● **Task details**:
Write again exactly the lines in the listing below, starting at the line with "You may also" and ending at the line with "Enter data in", both included. Pictures are not copied.
Provided information START
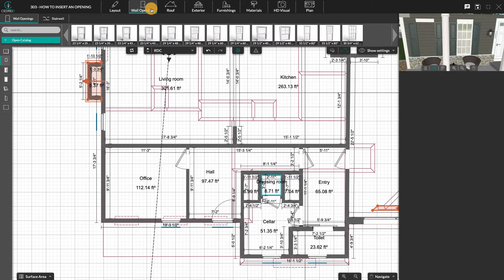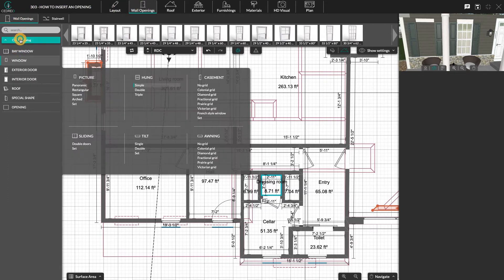At the opening step, you can search for the opening you want to insert here, or open the catalog to search manually. In this catalog, you can select a type of opening and then choose the size you want by clicking on the corresponding thumbnail.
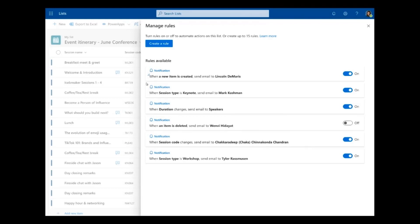You can see here the second rule: when session type is 'keynote,' send an email to Mark Cashman. Mark Cashman is in charge of keynote sessions for this conference, so this rule will let him know when a new keynote is created — giving him a cue to come into the list and start collaborating.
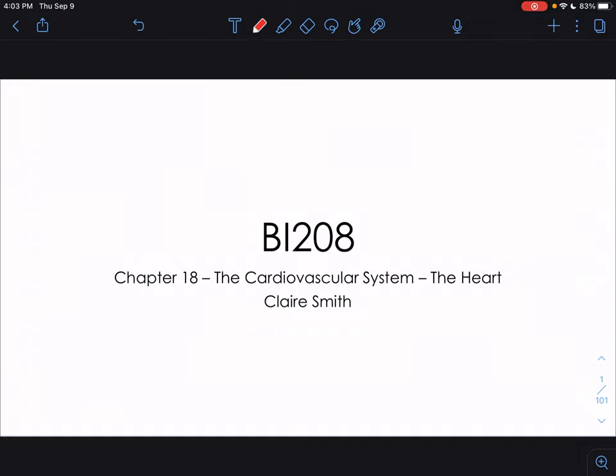Hi everyone, Claire here. This lecture is going to be covering the first part of chapter 18, which is covering the cardiovascular system, specifically the heart, from your Marib text.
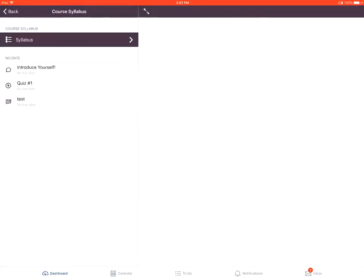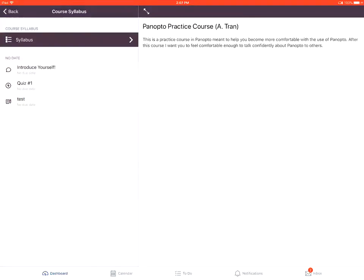And this is how you view the syllabus in the Canvas Student app on an Apple device.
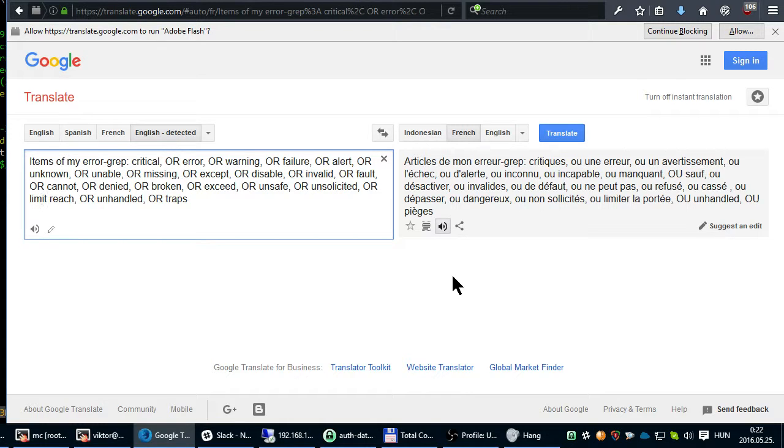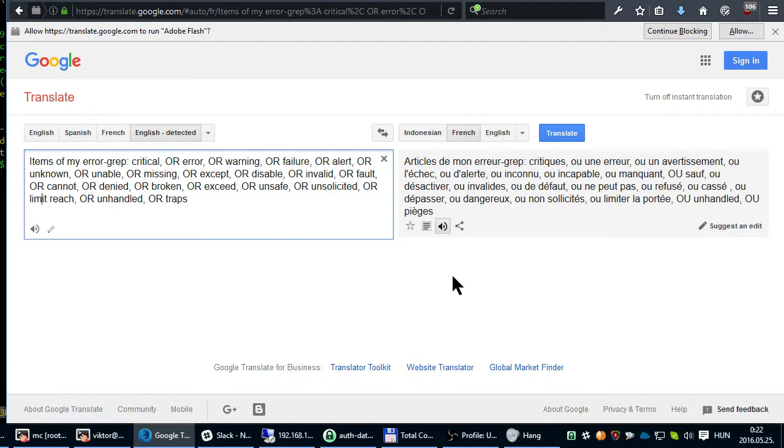Ou invalide, ou de défaut, ou ne peut pas, ou refuser, ou cassé, ou dépassé, ou dangereux, ou non sollicité, ou limiter la portée, ou unhandled, ou piège.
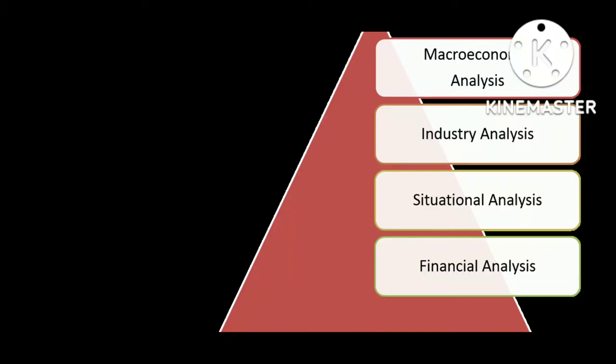Well, today we'll be looking into a Gujarat-based PSU in the Chemicals segment, Gujarat Alkalies and Chemicals.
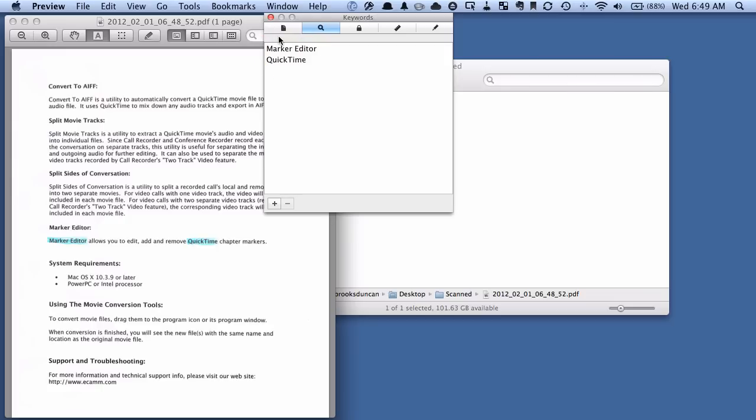So that's a quick introduction on how to use a highlighter and keywords in ScanSnap Manager. There's a lot more information on this on my website, Documentsnap.com. Head on over there for more paperless tips. And thanks a lot.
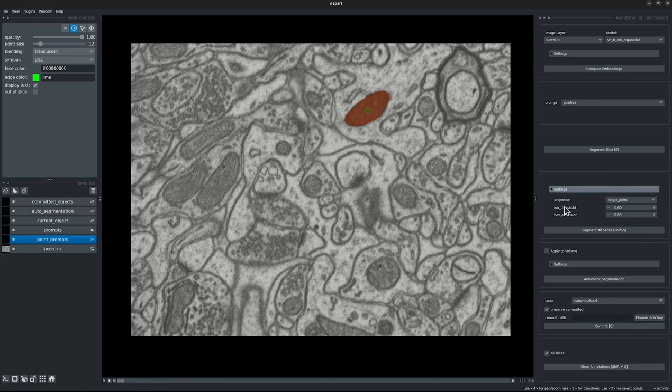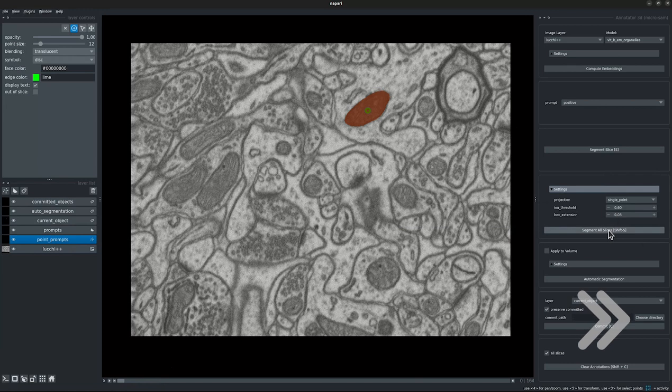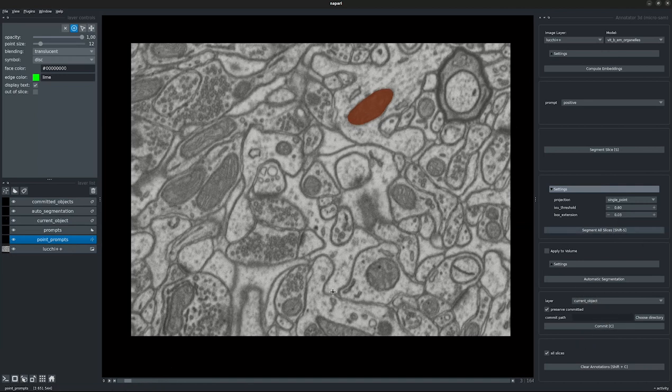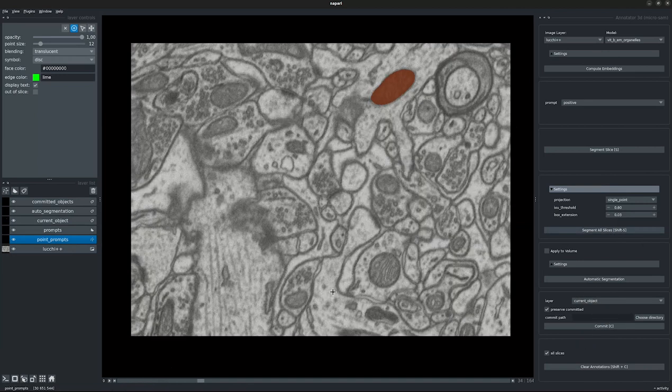The next parameter is the IOU threshold, which is the criterion for stopping projection of segmentations by comparing the quality of segmentation for adjacent slices. The box extension parameter is the factor by which the box prompts are increased, to account for the possible change of object sizes in adjacent slices. And there we see the object has been segmented along all the slices.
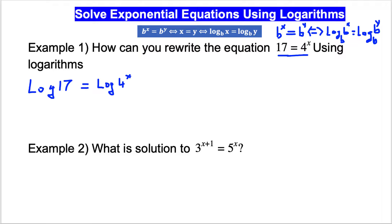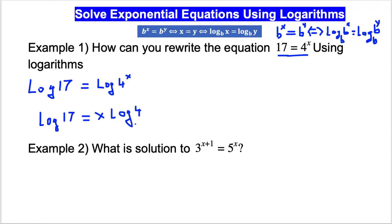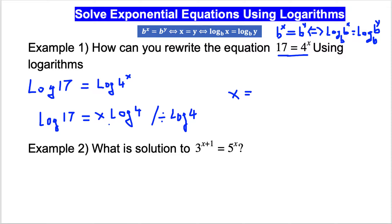Because we have x as an exponent, we can use the power property of logarithms and bring x to the front. So we get: log 17 equals x times log 4. For a common log we don't need to write the base. Then, solving for x, we divide both sides by log 4, and the final answer is x equals log 17 divided by log 4.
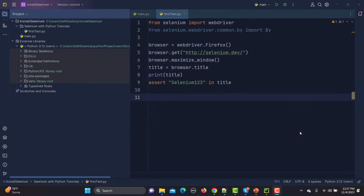In our previous tutorial we learned about what elements and locators are, and that in order to interact with any element we need to find those elements. Selenium has provided us with locators, and we saw how we can find the locator of an element. But sometimes it's time-consuming, and sometimes you might not be able to find a unique locator — so what is the solution?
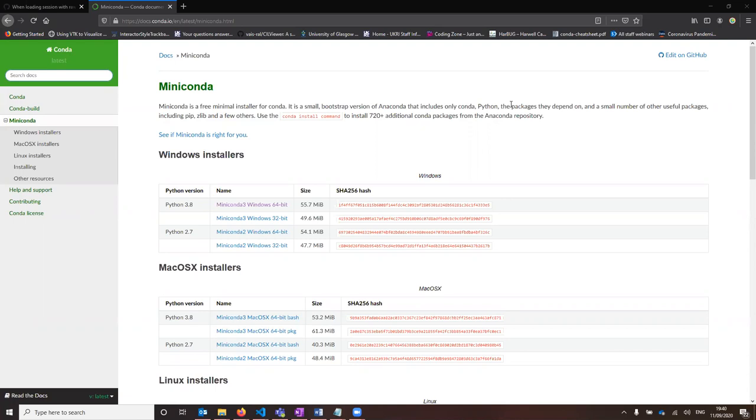This video is going to be demonstrating how to install and run the Digital Volume Correlation app.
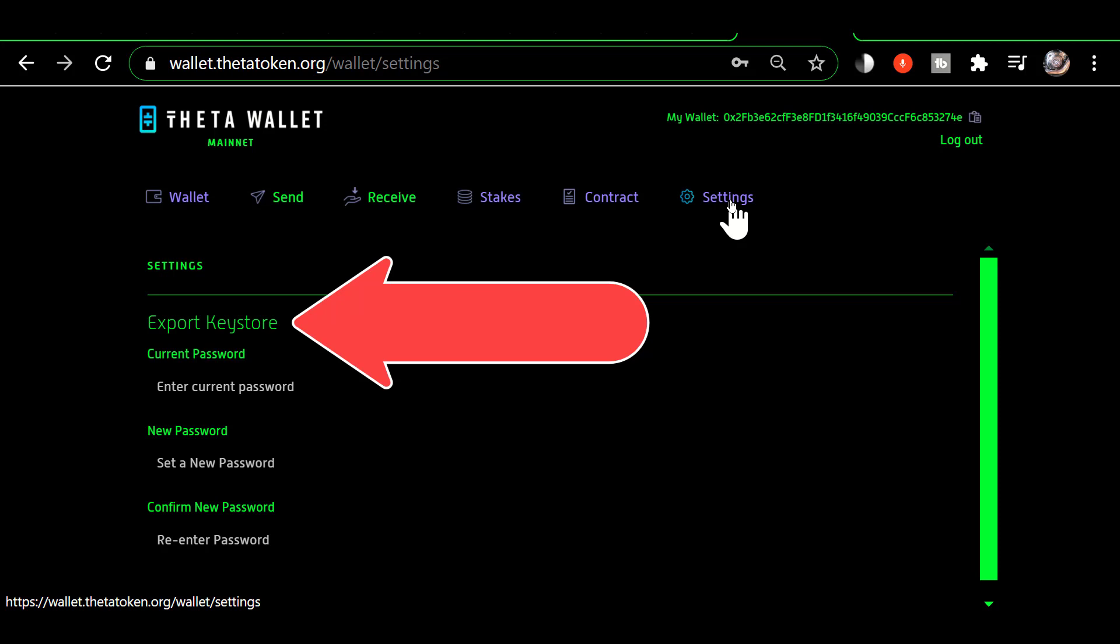Now to understand what exactly a keystore file is, it is an encrypted version of your private key. Basically you are giving it a password that it uses to encrypt your private key. So when you choose to open your wallet using a keystore file, you have to provide the password that was used to create the keystore file.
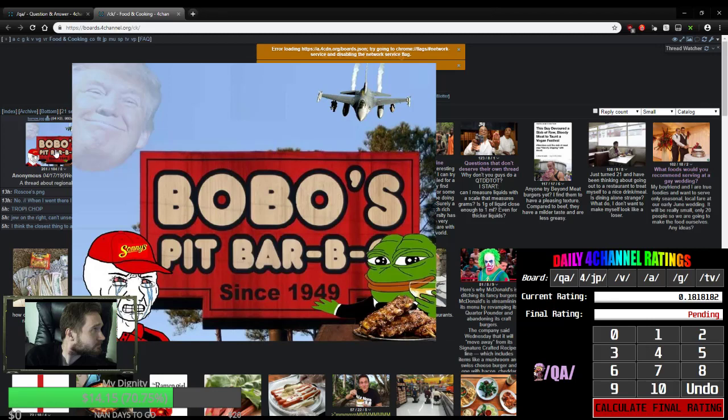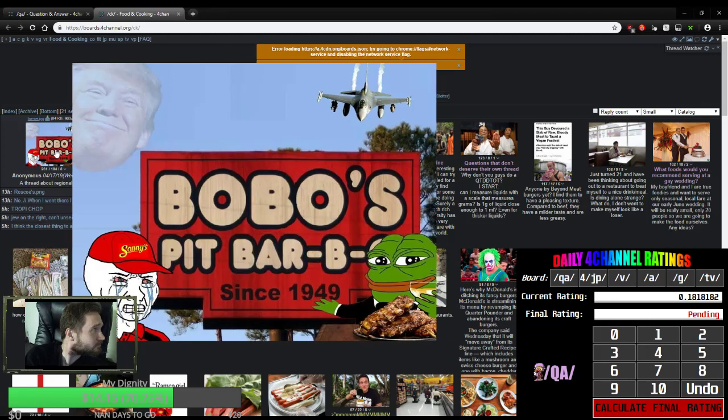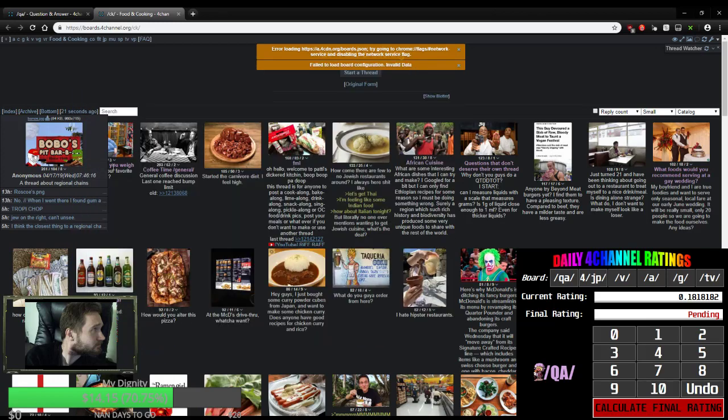Thread about regional chains. Bobo's Pit Bar-B-Q. God, why does every board have to be ruined with frogs?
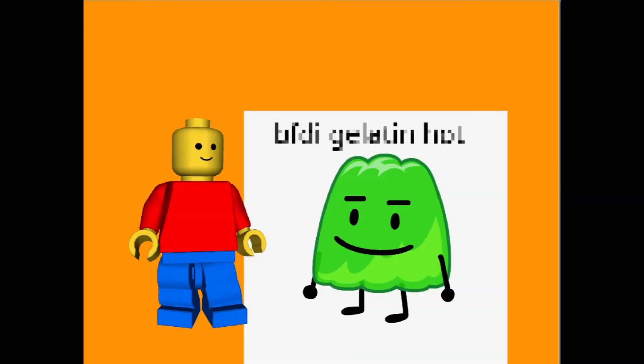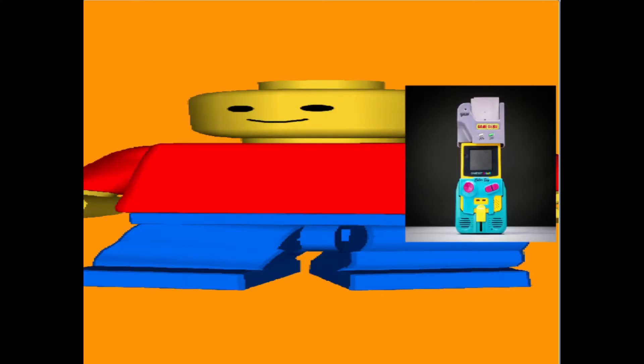So, BFB Gelatin Hot! Oh, thanks for warning me! BFB Gelatin Hot!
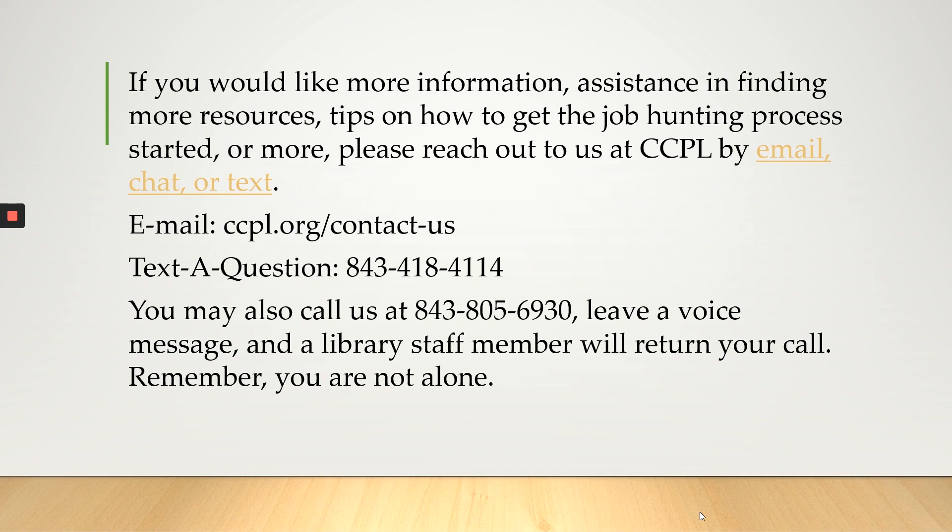You may also call us at 843-805-6930, leave a voice message, and a library staff member will return your call. Remember, you are not alone.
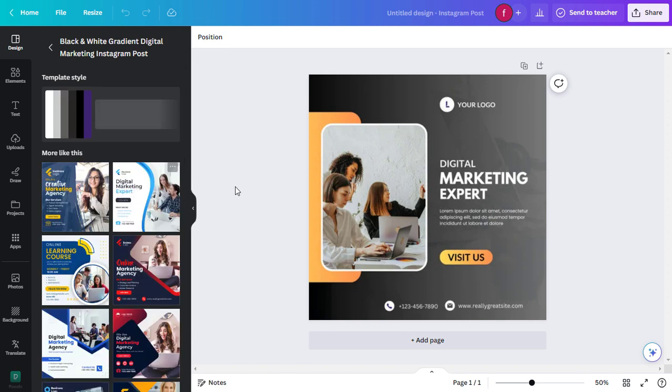Now that you've selected a template, it's time to customize it. Click on any element you want to change, like text or images.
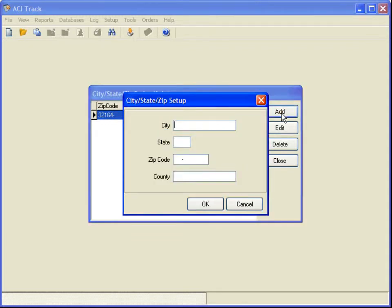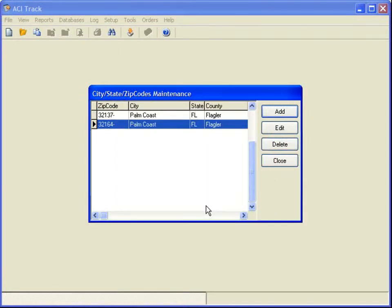Enter data in each field — city, state, zip code, and county — and click OK. When finished, click Close.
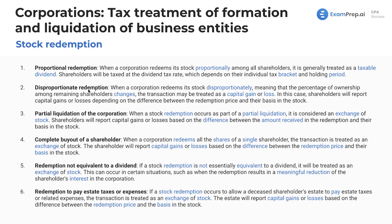For disproportionate redemption, when a corporation redeems its stock disproportionately — meaning that the percentage of ownership among remaining shareholders changes — the transaction may be treated as a capital gain or loss. In this case, shareholders will report capital gains or losses depending on the difference between the redemption price and their basis in the stock. So these are all just different situations to understand.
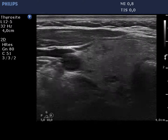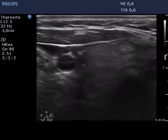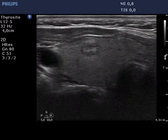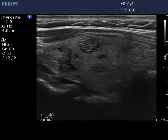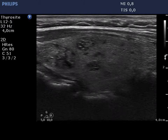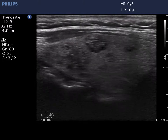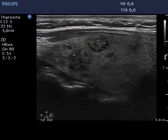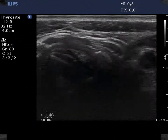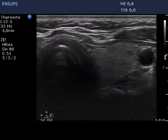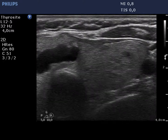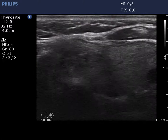The thyroid is isoechoic and contains several hypoechoic and cystic lesions which present various hypoechoic figures. The left lobe has a similar appearance.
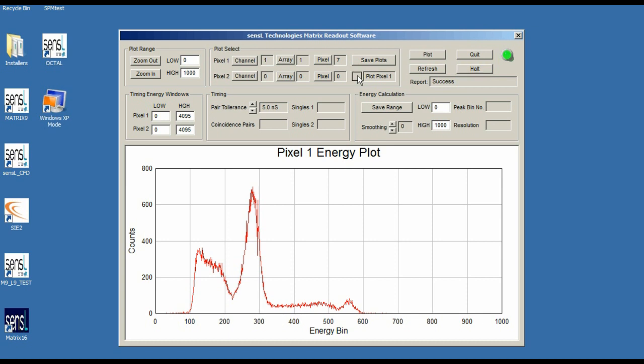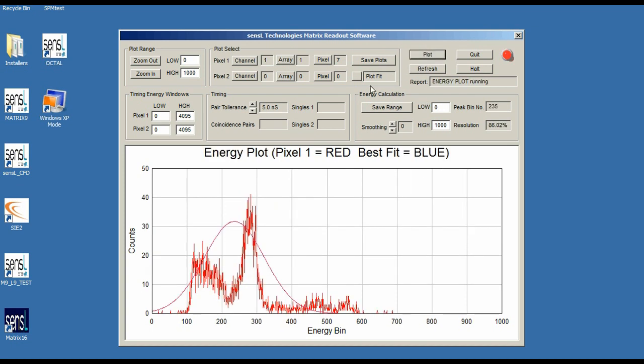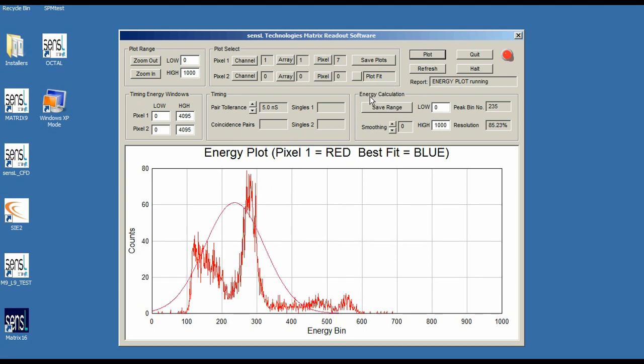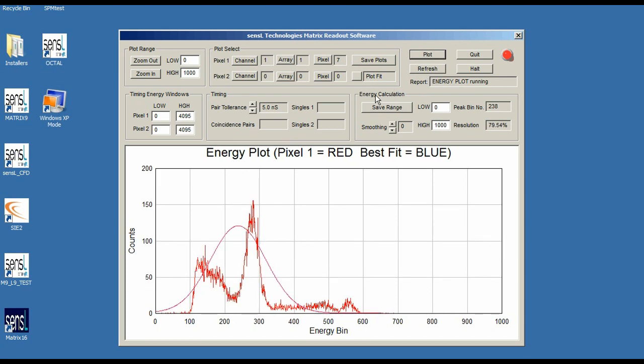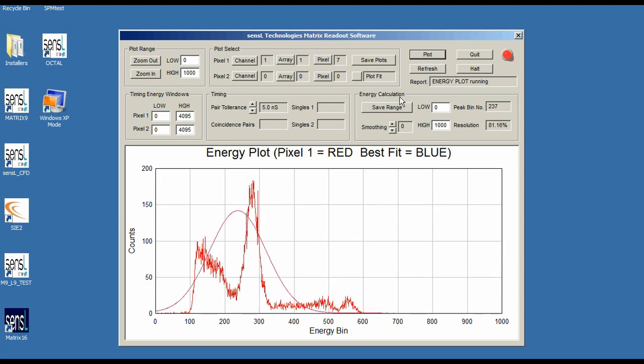I'm going to scroll through until I get to plot fit, and then I'm going to replot my graph. The plot fit button takes the energy calculation which is shown here on the screen and fits it.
Provided information END
● **Result for this task**:
You may also call us at 843-805-6930, leave a voice message, and a library staff member will return your call. Remember, you are not alone.
Now that you've selected a template, it's time to customize it. Click on any element you want to change, like text or images.
Enter data in each field — city, state, zip code, and county — and click OK. When finished, click Close.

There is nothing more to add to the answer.